Oh, dang it. Sony just released a new product that allows a lens attachment to a smartphone. This always happens when I make absolute declarations.
For most of the native cameras that appear on mobile devices you can't change the aperture.
What Is the Aperture on Mobile Devices?
Manufactures make educated guesses about where the majority of their users will take photos and videos. This is a quick sampling of Smartphones out in the wild:
|Nokia Lumia 925|
Nokia Lumia 920 f/2.0 aperture
iPhone 5 f/2.4
Samsung Galaxy S3 f/2.6
Sony Xperia S f/2.4
Hmm, f/2.0 is a fast f/stop that allows a lot of light into the device. It will do a good job with daylight outdoor recording. Indoors you will need additional lighting to ensure a good recording.
The recording area that will be in focus will be limited; so items up close will be in focus those at a distance will be out of focus.
This is called Depth of Field. You will have to move closer with your feet (if possible and safe to do so) to ensure the video being in focus.
Your eyes can compensate, the camera cannot.

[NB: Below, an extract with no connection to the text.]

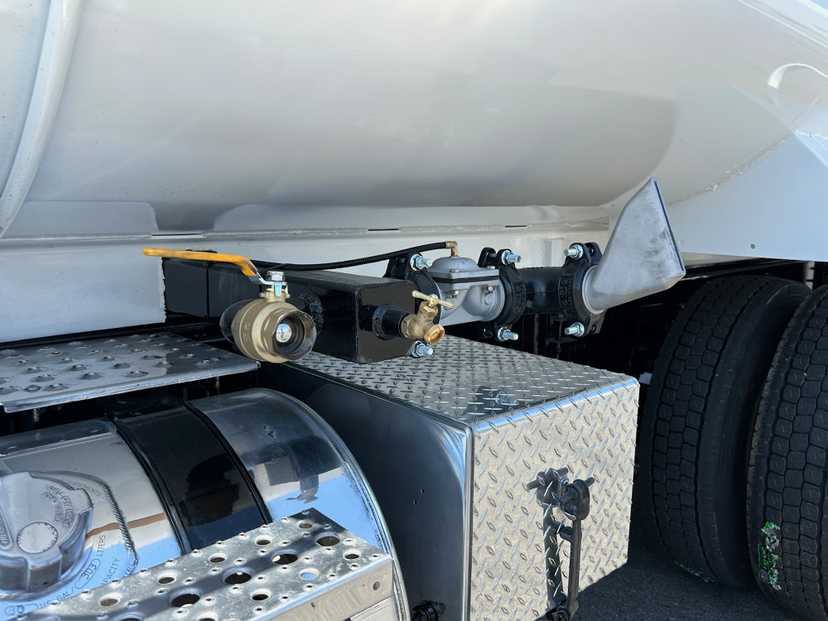 2017 Freightliner M2 Tanker — photo 5
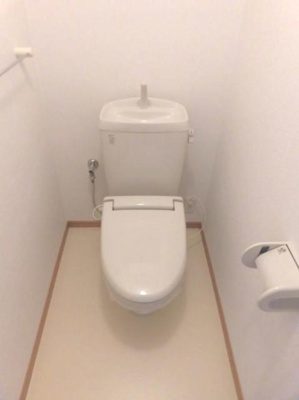 【トイレ】 | メゾンアンソレイエⅠ | ☆神戸市垂水区　メゾンアンソレイエⅠ☆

Ideally, you want to record in well lit situation with your subject close to you. One more factor to consider; shaky video.
You'll need to be aware of your lighting conditions. Too much light and your video will be overexposed. Too little light and folks will not be able to see what you have recorded. Smartphones and Tablet cameras like daylight the best followed by sufficient indoor lighting.
When recording in f/2.0 - f/2.8 you will have shallow Depth of Field. This means that subjects close to the lens will be in focus and those further away will be out of focus.
Stabilize your recording; either by bracing against a wall or chair, use a mobile stabilization device or the software stabilization that came with your phone or tablet.